Утро в дружине «Лазурная». Заливистая песня горна из динамиков, знакомая, наверное, каждому, кто хоть раз в жизни побывал в пионерском лагере: «Подъём, подъём, кто спит, того побьём!..» — и вторая спальня шестого отряда в полном составе становится на уши. Мгновенно разгоревшемуся «подушечному бою» и радостному скаканию по сеткам коек мешает призыв на зарядку — приходится выбегать наружу и строиться. «Руки на ширину плеч и — начали маши! Раз-два-а-! Раз-два-а!» Десять минут на водные процедуры и приведение себя в порядок перед короткой утренней линейкой на два отряда, своей перед каждой дачей — общелагерные здесь устраивают только по особым поводам. Жестяные умывальники стоят прямо на улице, ввергшие в некоторую оторопь наших заграничных друзей. Впрочем, не всех — один из американцев, по имени Стив, заявил, что вырос на ферме в Канзасе — да-да, там, откуда ураган унёс девочку Элли в фургоне! — а у них там и не к такому привыкли.

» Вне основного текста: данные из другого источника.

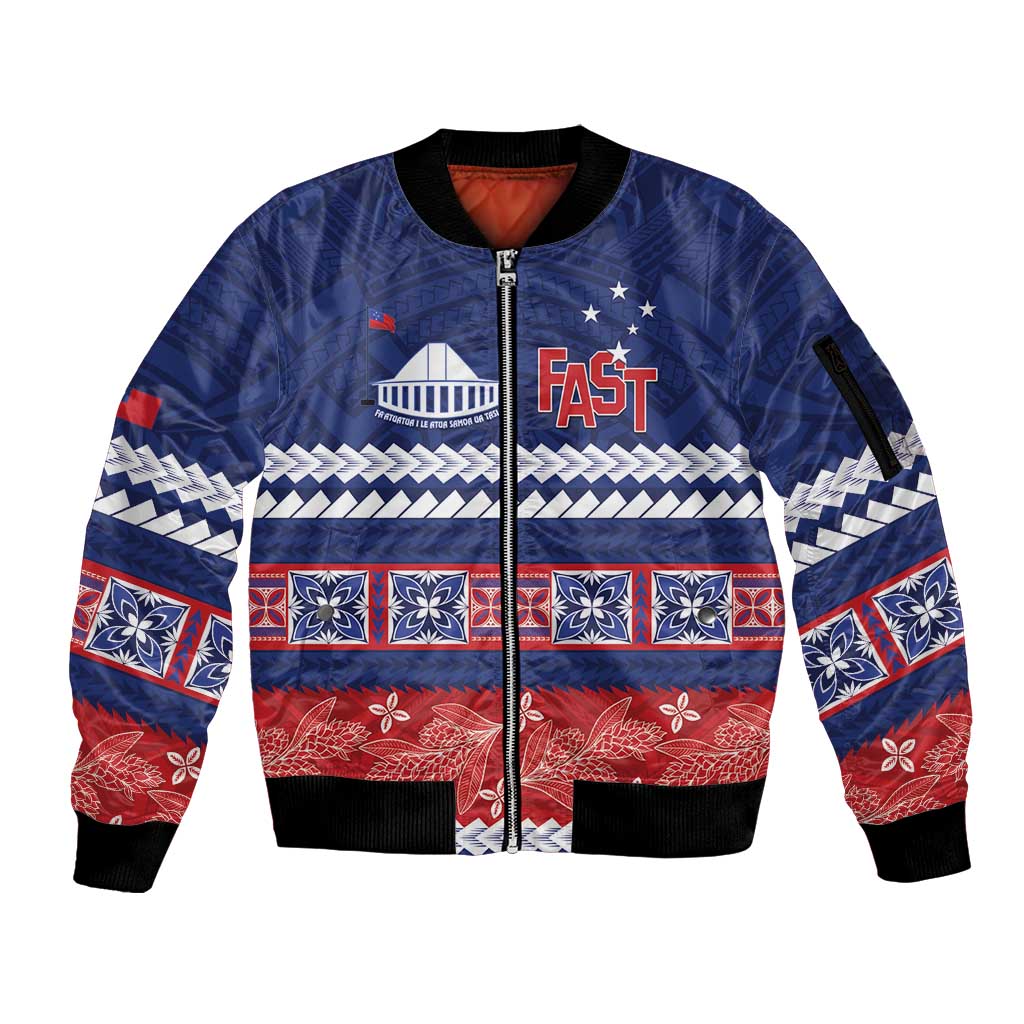 Personalised FAST Samoa Siapo Sleeve Zip Bomber Jacket Teuila Flowers Samoan Pattern LT14 Unisex Blue - Polynesian Pride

Стив классный парень, из семьи тех американцев, которых в наше время несколько презрительно именовали «реднеками». Отец его держит молочную ферму и, судя по рассказам сына, словно застрял в первой половине двадцатого века — ездит на раздолбанном пикапе «Шевроле» пятьдесят седьмого года выпуска, отказываясь менять его на новую машину, ходит в широкополых стетсоновских шляпах и остроносых ковбойских сапогах, а на окружающий мир смотрит так же, как жертвы забавных афер Энди Таккера и Джеффри Питерса. А вот сын его ухитрился даже в канзасской глуши всерьёз заболеть космосом — сначала строил модели ракет, потом убедил отца выписывать из ближайшего города научно-популярные книжки, и в итоге, выиграл национальный конкурс фантастических проектов, получив одну из выделенных для его соотечественников путёвок на «космические смены». Его соотечественник, Марк, второй американец в нашем отряде — полная противоположность Стиву. Марк из Сиэтла, где располагается штаб-квартира авиастроительной корпорации «Боинг». Его отец — один из ведущих конструкторов в ракетной программе «Боинга», и с раннего детства заразил сына своей страстью. Марк типичный «ботан»-очкарик — сутулый, тощий, и при том, кажется, знает всё на свете, во всяком случае то, что так или иначе касается космических полётов. Узнав, что мой отец работает в НПО «Энергия», он немедленно проникся ко мне уважением и засыпал вопросами, от которых я не знал, куда деться.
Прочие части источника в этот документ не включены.